Have you heard of blue-chip stocks? They are a smart investment choice; but why? The answer to why is hidden in its definition that says stocks of well-established, financially sound companies operating their business successfully for many years are blue-chip stocks. These sound companies tend to produce steady profits. And slow-but-steady usually wins the race.
Blue chip stocks are an integral part of the most reputable market indexes, as the Standard & Poor’s (S&P) 500, the Nasdaq-100, and the Dow Jones Industrial Average. How big should a company be to be considered as a Blue Chip company? The debate is still on. A generally accepted benchmark is a market capitalization of $5 billion.
If you check the dividend payment history of most of these companies, you will find the one thing they all tend have in common is a good payment record. And it is probably a good idea to make this feature a prerequisite in identifying your own personal best blue chip stocks.

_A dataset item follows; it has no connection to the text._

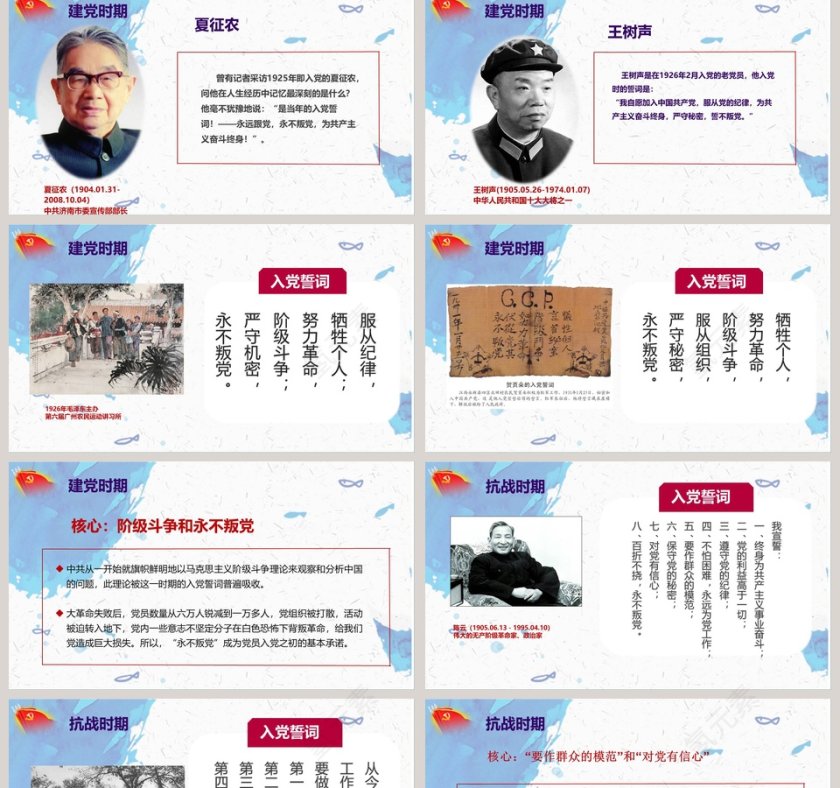 中国共产党入党誓词的历史沿革入党培训PPT第2张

What other features should you look for? This question can only be answered completely and definitively by you. But two things are certain.
First, blind investment is always risky. Whether you are going to invest in a well-established company or a small, unproven one, it is important to know about the company and the risks associated with investing in it.
Second, stock research sites can be of great assistance in developing a list of features to look for and a sound plan for investing in blue chip stocks. They will give you the guidance and detail to make sound investment choices.